### Record extracts
•••

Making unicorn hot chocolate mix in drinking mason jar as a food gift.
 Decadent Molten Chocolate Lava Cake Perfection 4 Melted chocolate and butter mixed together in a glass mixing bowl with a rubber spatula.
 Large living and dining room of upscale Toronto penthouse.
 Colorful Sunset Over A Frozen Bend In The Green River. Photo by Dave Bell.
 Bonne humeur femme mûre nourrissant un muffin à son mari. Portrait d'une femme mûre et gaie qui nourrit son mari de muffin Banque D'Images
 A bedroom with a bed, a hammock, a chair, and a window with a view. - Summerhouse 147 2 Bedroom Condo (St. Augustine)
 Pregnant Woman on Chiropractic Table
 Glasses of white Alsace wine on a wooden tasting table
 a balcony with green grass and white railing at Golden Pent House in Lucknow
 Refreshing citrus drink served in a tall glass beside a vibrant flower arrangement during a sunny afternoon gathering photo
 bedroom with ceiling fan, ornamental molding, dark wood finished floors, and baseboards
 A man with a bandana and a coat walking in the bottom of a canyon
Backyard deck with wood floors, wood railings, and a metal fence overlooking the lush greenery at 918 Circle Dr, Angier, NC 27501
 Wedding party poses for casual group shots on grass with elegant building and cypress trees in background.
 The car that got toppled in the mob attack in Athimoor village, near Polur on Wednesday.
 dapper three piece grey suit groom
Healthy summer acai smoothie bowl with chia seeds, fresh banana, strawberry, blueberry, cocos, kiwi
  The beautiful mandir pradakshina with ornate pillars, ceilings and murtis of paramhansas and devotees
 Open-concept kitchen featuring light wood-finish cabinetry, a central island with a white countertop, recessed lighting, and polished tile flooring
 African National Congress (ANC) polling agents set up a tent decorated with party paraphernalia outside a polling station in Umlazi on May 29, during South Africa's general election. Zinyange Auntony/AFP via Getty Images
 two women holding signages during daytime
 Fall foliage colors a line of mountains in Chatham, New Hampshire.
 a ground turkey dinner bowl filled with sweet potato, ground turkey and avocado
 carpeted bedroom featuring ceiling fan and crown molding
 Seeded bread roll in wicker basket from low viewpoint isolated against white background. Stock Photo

•••

### Assignment
Take from the material above the lines running from the one with "Wedding party poses" through the one with "Open-concept kitchen featuring", and repeat them exactly, with nothing else.

### Your solution
 Wedding party poses for casual group shots on grass with elegant building and cypress trees in background.
 The car that got toppled in the mob attack in Athimoor village, near Polur on Wednesday.
 dapper three piece grey suit groom
Healthy summer acai smoothie bowl with chia seeds, fresh banana, strawberry, blueberry, cocos, kiwi
  The beautiful mandir pradakshina with ornate pillars, ceilings and murtis of paramhansas and devotees
 Open-concept kitchen featuring light wood-finish cabinetry, a central island with a white countertop, recessed lighting, and polished tile flooring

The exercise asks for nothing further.